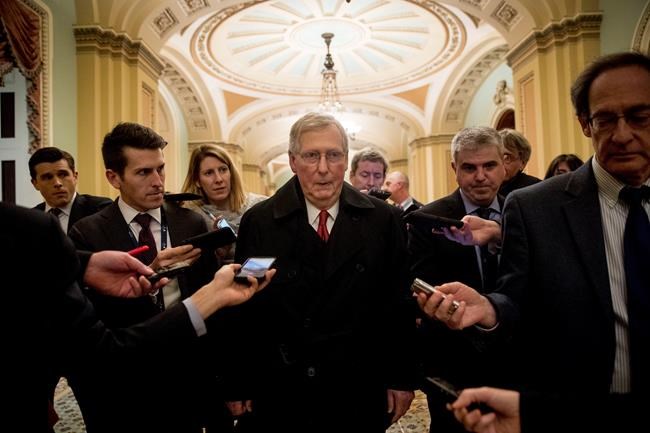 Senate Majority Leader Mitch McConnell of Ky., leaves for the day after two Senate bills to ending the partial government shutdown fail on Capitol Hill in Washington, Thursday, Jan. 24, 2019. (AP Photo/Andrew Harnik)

◆ ◆ ◆

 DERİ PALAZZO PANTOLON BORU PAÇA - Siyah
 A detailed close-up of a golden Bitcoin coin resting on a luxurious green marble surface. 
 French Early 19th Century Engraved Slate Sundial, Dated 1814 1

◆ ◆ ◆

*EXERCISE AIM*.
Copy only this part of the entries above: the line with "A detailed close-up", the line with "French Early 19th", and the lines between, all exactly as written.

*SOLVED EXERCISE*.
 A detailed close-up of a golden Bitcoin coin resting on a luxurious green marble surface. 
 French Early 19th Century Engraved Slate Sundial, Dated 1814 1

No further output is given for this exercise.